Figure 4.. ABCC6 protein expression in the liver of mice administered with recombinant adenoviruses containing human ABCC6 transgenes.

The Abcc6^−/−Rag1^−/− mice, at six weeks of age, were administered a single injection of 4×10⁸ IFU of adenovirus carrying either WT human ABCC6 cDNA or a missense variant. ABCC6 expression in the mouse liver was analyzed one and four weeks after injection. Immunofluorescent labeling of human ABCC6 (Green) revealed that the WT protein was expressed at one week and its level was maintained at four weeks. Dual labeling with Na,K-ATPase (Red) revealed their co-localization on the basolateral side of the plasma membrane of hepatocytes. Compared with the WT protein, p.R518Q, p.R760W, and p.R807Q resulted in reduced ABCC6 abundance and stability, with mixed plasma membrane and intracellular localization. Mutants p.T364R and p.R1138Q had exclusive intracellular expression with reduced protein expression. In contrast, p.R391G and p.G1302R had ABCC6 abundance and expression pattern similar to the WT protein. Scale bar, 200 μm (solid line) and 24 μm (dashed line). Blue, DAPI staining of nuclei. n = 6 – 8 mice per group.

Figure 5.. Histopathology, plasma PPi levels, and the degree of ectopic mineralization in the Abcc6^−/−Rag1^−/− mice.

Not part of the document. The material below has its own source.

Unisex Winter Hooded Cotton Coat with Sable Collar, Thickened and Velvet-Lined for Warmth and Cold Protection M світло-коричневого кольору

The Abcc6^−/−Rag1^−/− mice, at 6 weeks of age, were administered a single injection of 4×10⁸ IFU of adenovirus carrying either WT human ABCC6 cDNA or a missense variant. The mice were analyzed four weeks after injection, at ten weeks of age. (a) Ectopic mineralization in the dermal sheath of vibrissae was analyzed by von Kossa stains (arrows). Scale bar, 400 μm. (b) Plasma PPi levels in Abcc6^−/−Rag1^−/− mice administered with recombinant adenoviruses. (c) The calcium content in the muzzle skin containing vibrissae. The data were presented as mean ± SD. n = 6 – 8 mice per group. *P < 0.01, **P < 0.001 compared with C57BL/6J WT mice; ^#P < 0.01, ^##P < 0.001 compared with Abcc6^−/−Rag1^−/− control mice; ns, not significant. WT, wild-type; KO, Abcc6^−/− knockout.